The 85 Jetta 1.8L 8V topped out at 168kmh (about 105mph). It had over 250,000km on the engine, a techtonics 268 cam, free flowing Apexi exhaust, K&N air filter, with stock size tires and rims (the 16" Summer rims caused an 8% speedo error). In bone stock form it only did about 150kmh (about 95mph).


----------



## Rdoppie (Dec 9, 2004)

*Re: 8V top speed.....brag all ya want (Drizzle91)*

Right off the 120MPH scale--







I won't ever do that again! The car may be able to handle that speed, my Health can't








It was scary as hell







& I wouldn't recommend it.


----------



## kingofboggle (Mar 16, 2005)

*Re: (Boost_Retard)*

it was about the corvair. interesting what happened when "The General" tried their hand at horizontally opposed rear-drive with half-shafts, not really fair of my after all their good ideas.......like the Cadillac Cimmaron.


----------



## mk2jet (Jan 27, 2005)

Ive taken my 92 jetta 1.8 8v 3 speed up to 70mph...after that I fiugred I would slow down before I turn it into a 2 speed. These autos arent made to go over 60mph safely.


----------



## elmer fud (Aug 5, 2003)

in my mk3 , I have had it to 130+ with a 16v tranny its like 6500 range.
with my bunny I hit 110 maxed out at 7000 with the stock trans I love the old 55 speed limit trans's. and you know that felt alot fasted then the jetta ... LOL
btw there both 8v's mk3 aba real mild mods. and the rabbit is just how I bought it but is going under the knife soon for a new power plant.


----------



## @[email protected] (Aug 29, 2003)

205km/h with my Cam setting at Max Retard. All top end baby.

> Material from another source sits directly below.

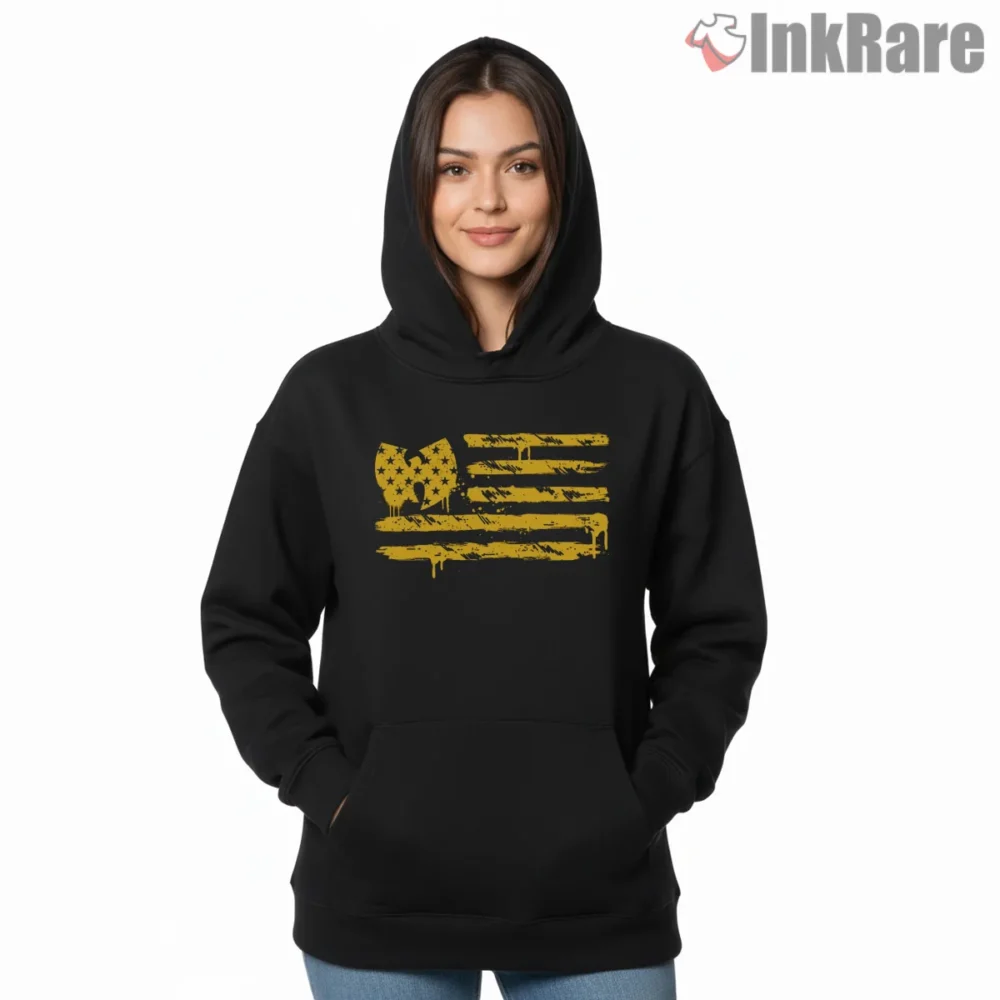 Wu Tang Yellow Flag Distressed Streetwear Shirt on black hoodie for women graphic tee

With my stock wheels this would be rather impossible, but with my new setup i'm less scared.


----------



## Triple G (Dec 11, 2003)

*Re: (@[email protected])*

210km/h and it was still accelerating


----------



## CaptEditor (Feb 23, 2004)

I've only taken my stock 85 golf up to 95mph. 207,000 miles on the clock and running strong, though one valve doesn't stop ticking anymore... I'm scared to go much further until I do some suspension work... The work starts tomorrow! :-D

-Kevin


_Modified by CaptEditor at 1:59 AM 2-23-2006_


----------



## modestmk2 (May 1, 2005)

*Re: (CaptEditor)*

100 mph today.


----------